MapReduce: Simplified Data Processing on Large Clusters

Introduction

MapReduce is a programming model and an associated implementation for processing and generating large data sets. Users specify a map function that processes a key/value pair to generate a set of intermediate key/value pairs, and a reduce function that merges all intermediate values associated with the same intermediate key.

Programs can be automatically parallelized and executed on a large cluster of commodity machines.

The problem that this paper tries to solve is to parallelize and distribute workload of diff processes’ raw data or derived data from upstream services. This data is quite large, say in TBs. So authors came up with map and reduce programming inspired from LISP, a functional prog lang.

Programming Model

User has to write Map & Reduce functions

Map func takes (k, v) pair as input and produce/emit intermediate (k, v) pairs

MR (MapReduce) lib will group intermediate (k, v) pairs based on key k, like a list, and sends them to Reduce func

Reduce func takes list (iterator) of intermediate kv pairs, and applies any logic as mentioned by user on values.

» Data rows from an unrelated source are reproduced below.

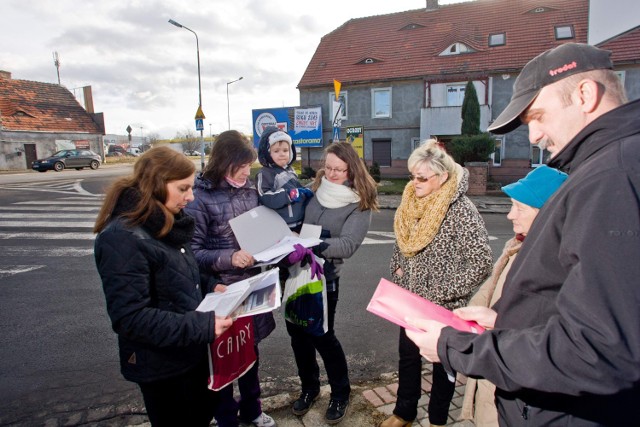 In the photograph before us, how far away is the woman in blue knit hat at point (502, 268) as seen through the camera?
5.64ft

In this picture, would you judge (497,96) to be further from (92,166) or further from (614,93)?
(92,166)

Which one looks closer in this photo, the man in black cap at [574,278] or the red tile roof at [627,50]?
the man in black cap at [574,278]

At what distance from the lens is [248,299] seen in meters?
2.08

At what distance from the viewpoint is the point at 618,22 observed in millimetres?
2799

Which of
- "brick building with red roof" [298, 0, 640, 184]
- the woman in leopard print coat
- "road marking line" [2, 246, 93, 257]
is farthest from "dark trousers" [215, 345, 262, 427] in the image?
"brick building with red roof" [298, 0, 640, 184]

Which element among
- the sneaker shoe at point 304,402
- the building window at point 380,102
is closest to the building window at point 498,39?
the building window at point 380,102

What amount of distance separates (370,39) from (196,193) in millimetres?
25886

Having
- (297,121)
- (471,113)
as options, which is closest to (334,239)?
(471,113)

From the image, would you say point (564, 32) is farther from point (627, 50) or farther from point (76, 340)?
point (76, 340)

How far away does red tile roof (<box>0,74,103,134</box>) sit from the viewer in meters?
32.4

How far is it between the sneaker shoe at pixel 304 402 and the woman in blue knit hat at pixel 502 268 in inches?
43.4

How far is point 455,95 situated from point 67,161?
27.2 meters

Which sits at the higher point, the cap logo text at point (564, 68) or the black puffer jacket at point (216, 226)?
the cap logo text at point (564, 68)

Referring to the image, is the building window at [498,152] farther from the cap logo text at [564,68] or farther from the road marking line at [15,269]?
the cap logo text at [564,68] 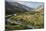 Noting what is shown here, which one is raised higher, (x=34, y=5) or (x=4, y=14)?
(x=34, y=5)

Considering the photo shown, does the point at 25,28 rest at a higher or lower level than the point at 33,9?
lower

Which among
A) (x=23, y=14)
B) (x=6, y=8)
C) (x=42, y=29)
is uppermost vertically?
(x=6, y=8)

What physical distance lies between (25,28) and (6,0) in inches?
22.4

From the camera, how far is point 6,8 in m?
1.47

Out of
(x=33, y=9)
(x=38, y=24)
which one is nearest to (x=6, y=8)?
(x=33, y=9)

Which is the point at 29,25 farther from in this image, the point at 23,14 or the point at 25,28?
the point at 23,14

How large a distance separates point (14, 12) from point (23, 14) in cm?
15

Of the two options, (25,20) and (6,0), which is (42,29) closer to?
(25,20)

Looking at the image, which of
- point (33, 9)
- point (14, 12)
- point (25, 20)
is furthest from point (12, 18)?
point (33, 9)

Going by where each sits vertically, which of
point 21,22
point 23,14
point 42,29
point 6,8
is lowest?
point 42,29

Iterator as intermediate kv pairs can be very large in number and can’t fit entirely in-mem. On processing, it’ll emit or return output value (mostly zero or one output value).

Simple example of WordCount (counting the number of occurrences of each word in a large collection of documents) with MR

map(String key, String value): 
	// key: document name
	// value: document contents
	for each word w in value:
		EmitIntermediate(w, "1"); 

reduce(String key, Iterator values):
	// key: a word
	// values: a list of counts
	int result = 0;
	for each v in values:
		result += ParseInt(v);
	Emit(AsString(result));

map() takes a document file, file name as key and file content as value. It’ll start iterating over content for words, and for every word it emits intermediate (k, v) with k as word w and value as 1.

reduce() takes intermediate kv pairs in form of word as key & iterator as value and sums them up i.e.,result++ and them emits output, which will be #word occurences for particular word.

Apart from these 2 funcs, user have to fill MR Spec Obj with names of input, output files and optional tuning params.

This is a super simplified example, more interesting examples include Reverse Web Link Graph, Distributed Sort with Ordering Props.

Implementation

This prog model was mainly targeted on running cluster of 1000s of commodity PCs (non specialized and geenral purpose hardware). Implementation of model can change wrt hardware.